Lo de las películas son extrañas marionetas, extras con grotescos trajes, cargados de maquillaje que parecen más unos mimos lamentables, que horrorosos seres surgidos del ano de Satán. Un mundo pueril, destinado a una masa de granudos jovenes que, en vanos intentos de escapar al tedio de una existencia lamentable, se dirigen en tromba al auto-cine, para ver una de susto y de paso, meterle mano a la Sue-Ann de turno mientras ella grita al ver a un actor demacrado y con toneladas de látex en la gran pantalla.
Ahora bien, para desatar un terror primario sobre nuestros corazones, nada mejor que el romántico mundo del licántropo. Siglos atrás, antes de que George Romero leyera algún reportaje, sentado en el cagadero de su casa, sobre el barón samedí, los viejos cuentos y leyendas ya relataban las mórbidas atrocidades cometidas por el epítome del embrutecimiento animal, el hombre lobo.
El fascinante resplandor de la luna entre los árboles, la tierra húmeda, el ansia de liberación, el metálico sabor a sangre recién derramada, el aullido, la comunión con lo salvaje... todos esos iconos que aún siguen siendo primarios, incluso hoy en día, cuando casi todos los valores de los que se enorgullecía el hombre han desaparecido. Aún hay cosas que nos atan con nuestro lado más primitivo. Cosas que costarán hacer desaparecer.
El hombre lobo es una metáfora, de lo mejor y lo peor de ese mundo. Es una vuelta a nuestras raices, a lo más profundo de nuestros instintos.
Eso es algo que ninguna pelicula de zombies podrá hacer jamás. Que nos identifiquemos con lo que se ve en la pantalla. A nadie se le ocurrirá jamás ponerse en la piel de un ser reptante, podrido hasta la médula, y cuyo mayor placer es degustar cerebros.

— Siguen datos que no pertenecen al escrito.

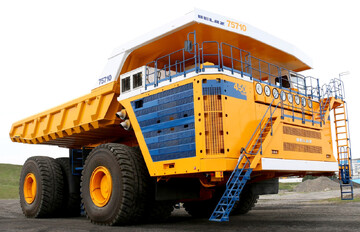 The Belaz dump truck carrying 450 tons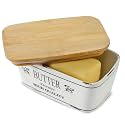 Hasense Farmhouse Butter Dish with Lid for Countertop, Vintage Butter Keeper Holder, Large Container for Fridge with Freshness Seal, Enhance Kitchen Decor, Holds Two Sticks of Butter, White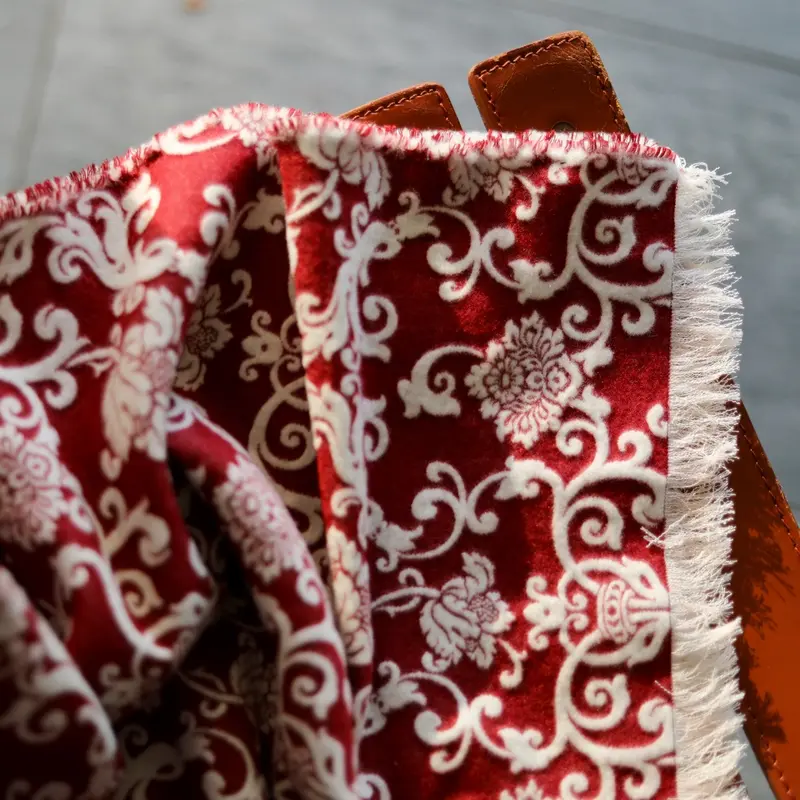 Coperta Lana Seta Jacquard disegno barocco colore Bordeaux Cod 794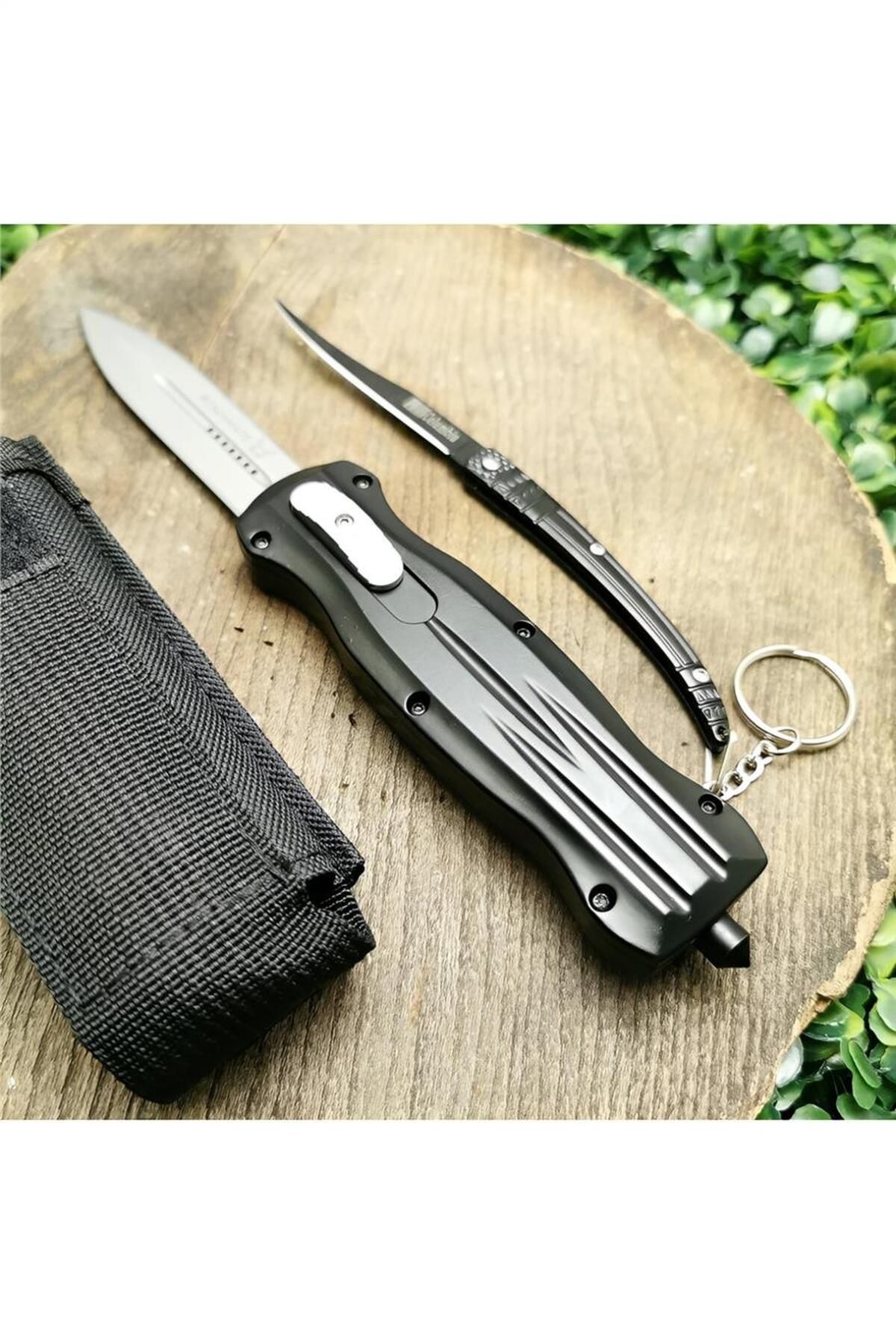 alsepeteavm 22 cm komple çelik bencmade marka kılıflı microtech yanında kılçık çakı ile birlikte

Sin embargo, todos tenemos algo dentro que nos hace sentir raros ante la visión de la luna llena. A más de uno le habrán dado ganas de quemar las leyes que nos someten. En uno u otro momento de nuestras vidas, nos encantaría liberarnos de las cadenas que nos atan a este mundo gris, y correr desnudos por los bosques, aullando ante cada nueva presa. Sentirnos vivos. Pues eso es lo que representa un hombre lobo.